Return every line in the entries below where the word "ceiling" shows up.

[Dataset items]
--- START ---

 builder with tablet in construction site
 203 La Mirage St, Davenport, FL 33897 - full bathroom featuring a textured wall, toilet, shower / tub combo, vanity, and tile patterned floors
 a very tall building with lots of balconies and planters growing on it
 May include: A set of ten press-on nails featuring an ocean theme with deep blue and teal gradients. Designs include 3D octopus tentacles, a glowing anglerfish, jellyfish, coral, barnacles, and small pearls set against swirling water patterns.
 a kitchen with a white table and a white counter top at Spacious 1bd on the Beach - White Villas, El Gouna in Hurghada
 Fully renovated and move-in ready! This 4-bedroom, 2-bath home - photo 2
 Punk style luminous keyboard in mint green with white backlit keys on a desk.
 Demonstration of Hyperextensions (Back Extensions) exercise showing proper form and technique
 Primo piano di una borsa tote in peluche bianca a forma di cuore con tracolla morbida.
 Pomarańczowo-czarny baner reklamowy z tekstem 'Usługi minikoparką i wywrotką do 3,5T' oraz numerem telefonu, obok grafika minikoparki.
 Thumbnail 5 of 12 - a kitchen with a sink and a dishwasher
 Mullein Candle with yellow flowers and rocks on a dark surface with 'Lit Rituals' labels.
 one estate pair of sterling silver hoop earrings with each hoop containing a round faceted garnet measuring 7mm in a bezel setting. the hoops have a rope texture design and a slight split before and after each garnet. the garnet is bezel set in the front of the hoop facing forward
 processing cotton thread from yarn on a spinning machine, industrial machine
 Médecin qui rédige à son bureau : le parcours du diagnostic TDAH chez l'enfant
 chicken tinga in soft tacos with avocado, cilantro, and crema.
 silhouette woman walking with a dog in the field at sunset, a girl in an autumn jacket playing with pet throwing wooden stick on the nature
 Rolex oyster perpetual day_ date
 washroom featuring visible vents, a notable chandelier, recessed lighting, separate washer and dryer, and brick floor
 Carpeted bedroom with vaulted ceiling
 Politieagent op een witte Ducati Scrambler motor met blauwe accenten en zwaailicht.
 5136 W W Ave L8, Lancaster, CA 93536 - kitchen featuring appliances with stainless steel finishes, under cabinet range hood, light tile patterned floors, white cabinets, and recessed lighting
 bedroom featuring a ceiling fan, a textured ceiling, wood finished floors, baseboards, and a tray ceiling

--- END ---

ANSWER BOX.
 Carpeted bedroom with vaulted ceiling
 bedroom featuring a ceiling fan, a textured ceiling, wood finished floors, baseboards, and a tray ceiling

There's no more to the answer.